Sunday 14 August 2016, 8pm

String Thing (Ian Brighton / Philipp Wachsmann / Marcio Mattos / Trevor Taylor) + Evan Parker / John Russell duo

No Longer Available

We're very happy to welcome the return of the UK veteran improvising guitarist, Ian Brighton, making his first public performance in nearly 40 years alongside old friends, following on from the release of his new album, Now and Then on Confront Recordings.
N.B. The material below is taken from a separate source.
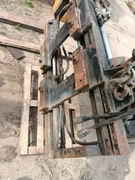 Pozycjoner do wózka widłowego 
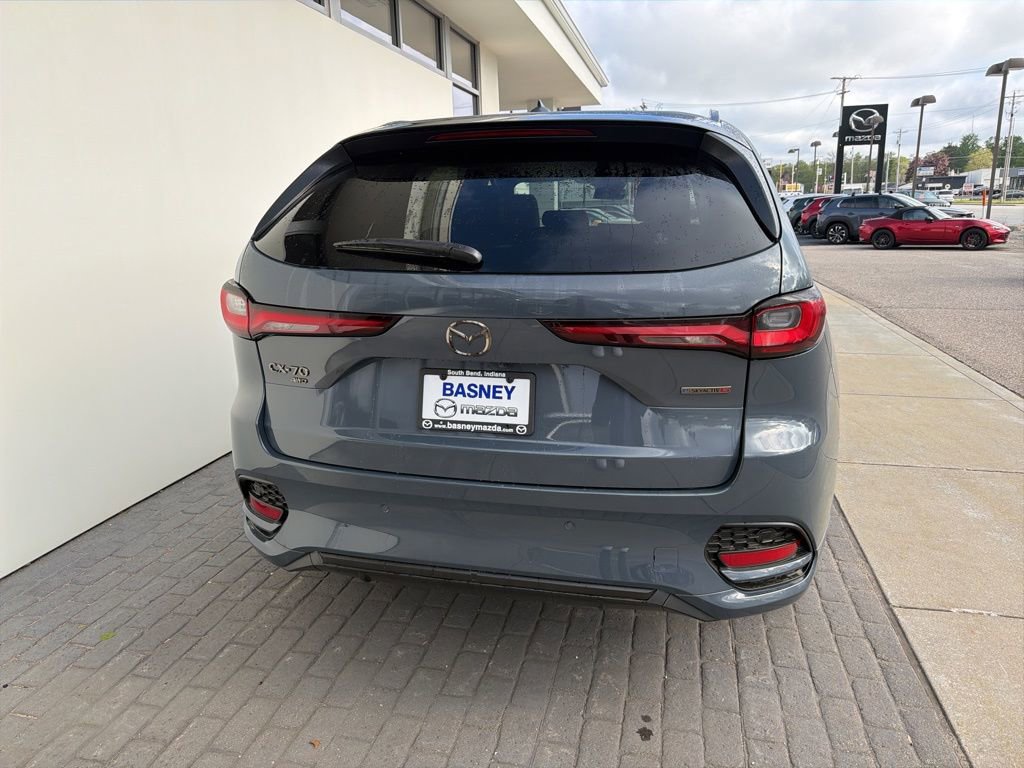 New 2026 MAZDA CX-70 3.3 Turbo S w/ Premium Package AWD/4WD image 7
“Ian Brighton has ploughed his own furrow of free guitar improvisation for over four decades. His first solo album since 1977 finds him summoning voices of his long lost predecessors and farflung collaborators.” – Julian Cowley, The WIRE

Ian Brighton

In the 70’s and 80’s Brighton was very active in guitar improvisation, playing solo and with regular groups such as Balance, with Frank Perry, Colin Wood, Radu Malfatti and Philipp Wachsmann, SME with John Stevens and Trevor Watts, the Tony Oxley quartet and co-founder of the Alternative Music Orchestra with percussionist Trevor Taylor. He also played many concerts with the legendary Lol Coxhill. The majority of his work was with the members of String Thing who are playing together at Cafe OTO for the first time in 27 years.

His recordings were sparse but the second album “Now and Then”, released under his own name this year on Confront Recordings, has been well received and he was also featured in the June issue of the Wire magazine.

“Brighton’s work is the too rarely heard characteristic of exploring the possibilities rather than the probabilities of the sounds of his instrument. And that, above all, is what makes this album important.” – Roger Farbey All-About-Jazz

Evan Parker

"If you've ever been tempted by free improvisation, Parker is your gateway drug." - Stewart Lee 

Evan Parker has been a consistently innovative presence in British free music since the 1960s. Parker played with John Stevens in the Spontaneous Music Ensemble, experimenting with new kinds of group improvisation and held a long-standing partnership with guitarist Derek Bailey. The two formed the Music Improvisation Company and later Incus Records. He also has tight associations with European free improvisations - playing on Peter Brötzmann's legendary 'Machine Gun' session (1968), with Alexander Von Schlippenbach and Paul Lovens (A trio that continues to this day), Globe Unity Orchestra, Chris McGregor's Brotherhood of Breath, and Barry Guy's London Jazz Composers Orchestra (LJCO). 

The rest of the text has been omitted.